>>>>>
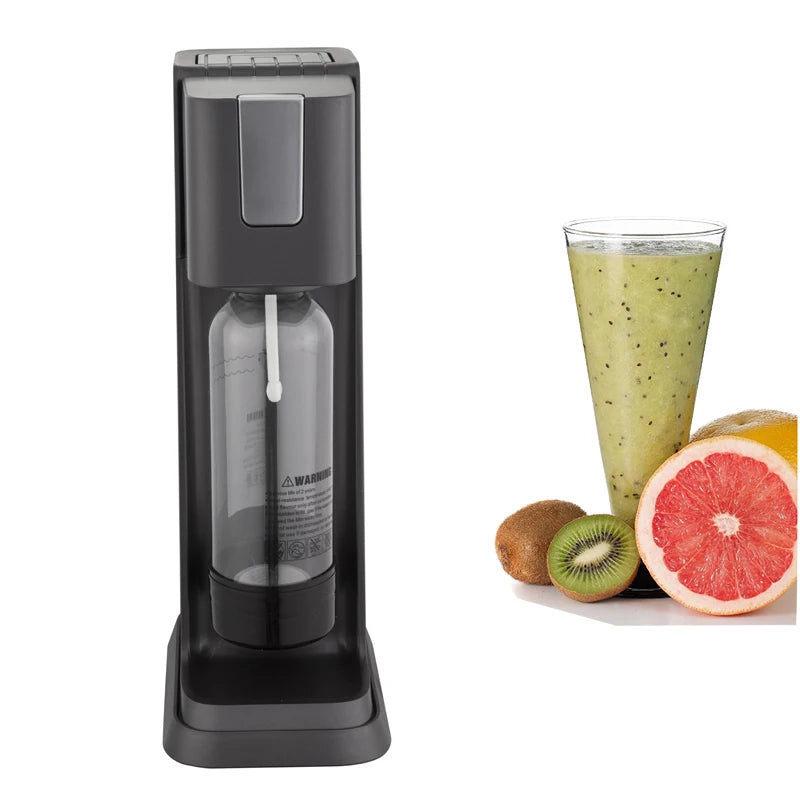 Manual Sparkling Water & Soda Maker 880ml – No Plug Required Soda Maker SPOT No plug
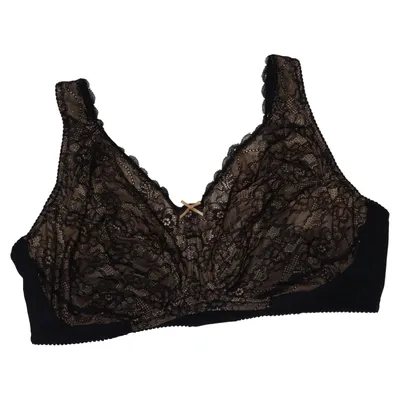 Soutien-gorge (Noir, Beige) de Nuance Élasthane, Polyamide
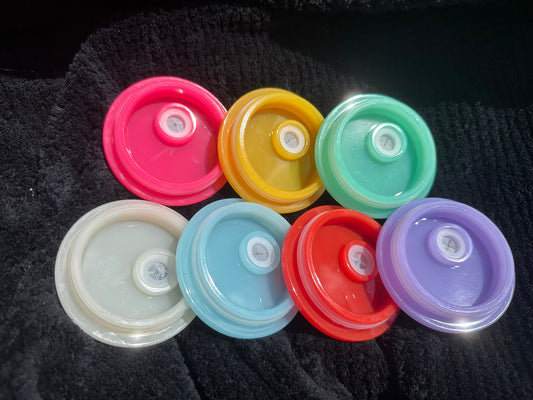colored acrylic lids (20oz)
<<<<<
Your assignment – In your copy of the listing above, every line must match exactly and no picture may appear.

Written response –
 Manual Sparkling Water & Soda Maker 880ml – No Plug Required Soda Maker SPOT No plug
 Soutien-gorge (Noir, Beige) de Nuance Élasthane, Polyamide
colored acrylic lids (20oz)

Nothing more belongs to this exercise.